El fin de una era
Berdych despide a Federer de Wimbledon (4-6, 6-3, 1-6 y 4-6), donde el suizo jugó la final los últimos siete años
Cuando Roger Federer cae 4-6, 6-3, 1-6 y 4-6 ante Tomas Berdych en cuartos de final del torneo de Wimbledon, no solo se despide del torneo, no solo cede en su plaza fetiche ni vuelve a perder antes de semifinales en un torneo grande: también abre una nueva época en el tenis, una era en la que Federer ya no puede sentirse intocable ni siquiera en Wimbledon, donde jugó las últimas siete finales y venció seis títulos. El número dos del mundo, que será el número tres desde el lunes, puede volver a ganar cualquier año este o cualquier otro gran título. Siempre estará entre los favoritos. Siempre tendrá armas con las que sumar más grandes en su ya larguísima lista de 16 trofeos. Y aun así, si ese momento llega, lo hará con el suizo desprovisto del aura que le rodea desde hace años: hoy Federer ha dejado de ser un tenista indestructible.
Berdych, que lleva dos semifinales grandes seguidas, es un tenista tremendo. Berdych saca con plomo, golpea con fuego y dispara veneno. Berdych es un jugador peligrosísimo cuando lleva la iniciativa y no se le mueve, cuando tiene los pies bien plantados. Nada de eso, sin embargo, explica su victoria. Todo lo que ha ocurrido en su partido de hoy en Wimbledon se explica a través de Federer.
El suizo ha jugado el torneo abrazado a su mayúscula clase, entregado a la grandeza de sus tiros, pero sin juntar nunca sobre la pista una actuación lo suficientemente completa, lo suficientemente unida, como para que mereciera el nombre de buen partido. Escapándose por la gatera de su saque o su derecha, el número dos, quizás el mejor tenista de siempre, encontró excusas para no analizar la pobreza de su plan de juego y lo arriesgado de su apuesta. Solo la magnitud de su leyenda explica por qué su derrota en cuartos de Wimbledon es un fracaso. Solo lo exagerado de su currículum, en el que brillan seis coronas de Londres, cuenta por qué es descorazonador que un tenista de su calibre, capacitado para cualquier cosa, se entregue a los vicios de los viejos tiempos, aquellos en los que era un joven de brillos fugaces, esos en los que buscó el camino por la via rápida del talento y no desde la estructura, el análisis táctico y el rigor del orden de su juego.
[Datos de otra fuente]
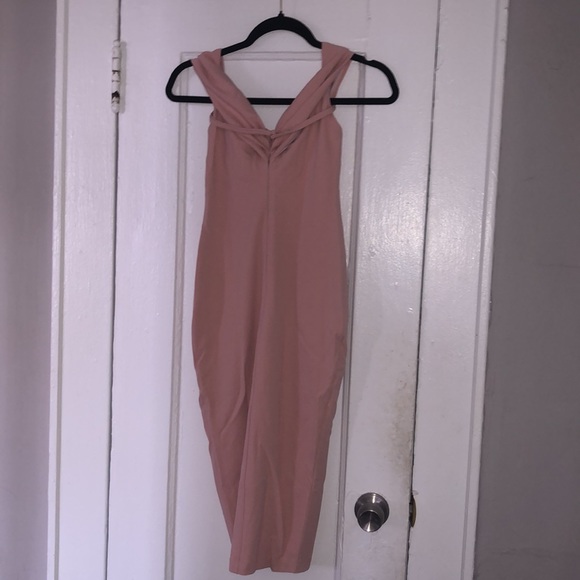 Nookie Athena off the shoulder blush halter midi dress figure hugging size S NWT - Picture 7 of 10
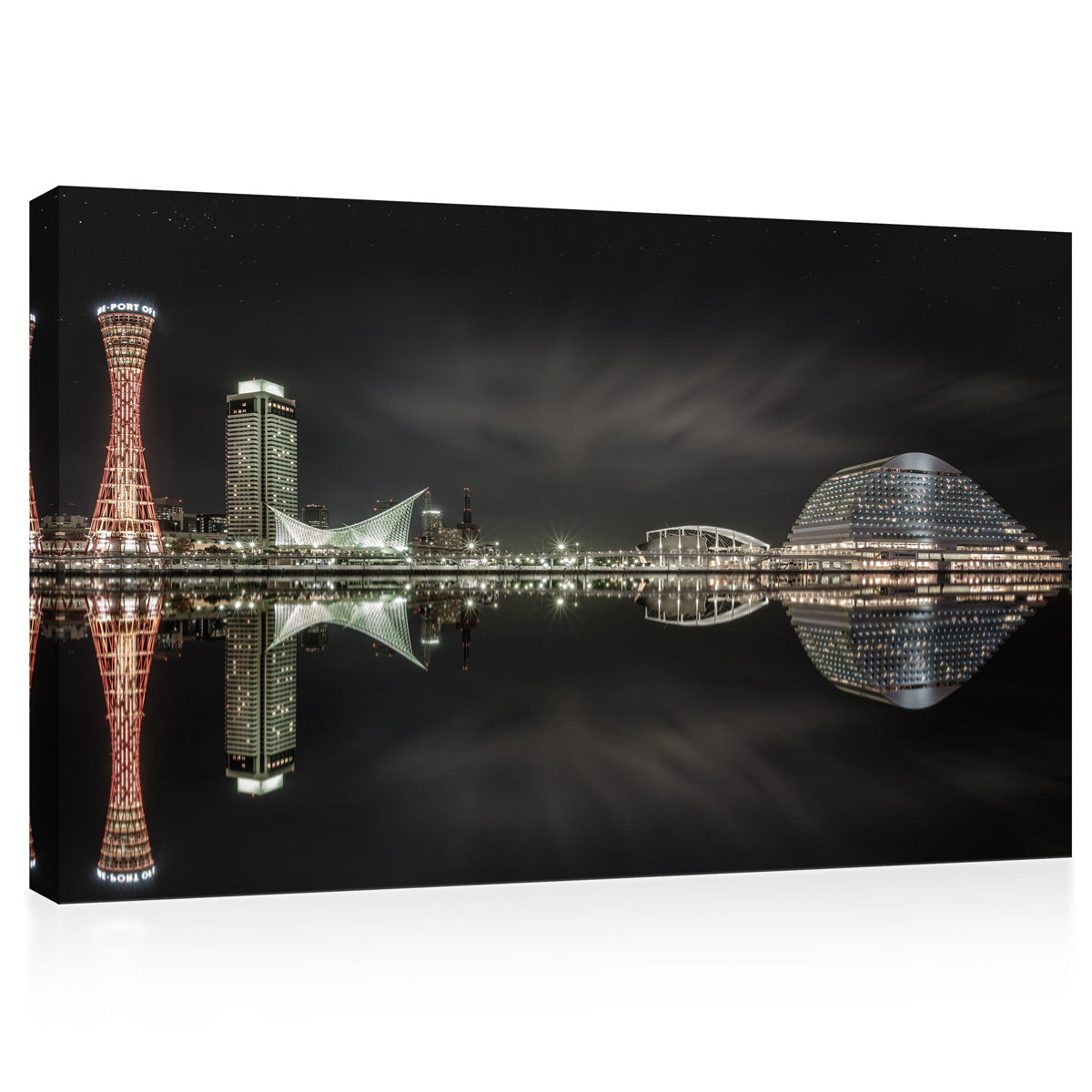 Canvas Print -  Port Of Kobe At Night, Osaka, Japan #E0358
Así, Federer deslumbra pero no gana. Así, Federer deja grandes fotografías en partidos peleados que antes eran tardes primaverales. Y así, despidiéndose poco a poco, sin un título desde el ganado en el Abierto de Australia, al número dos del mundo, a un paso de los 29 años, solo le queda un camino: redescubrir el deseo, las ganas de volver a imponer su imperio. Federer siempre está a tiempo.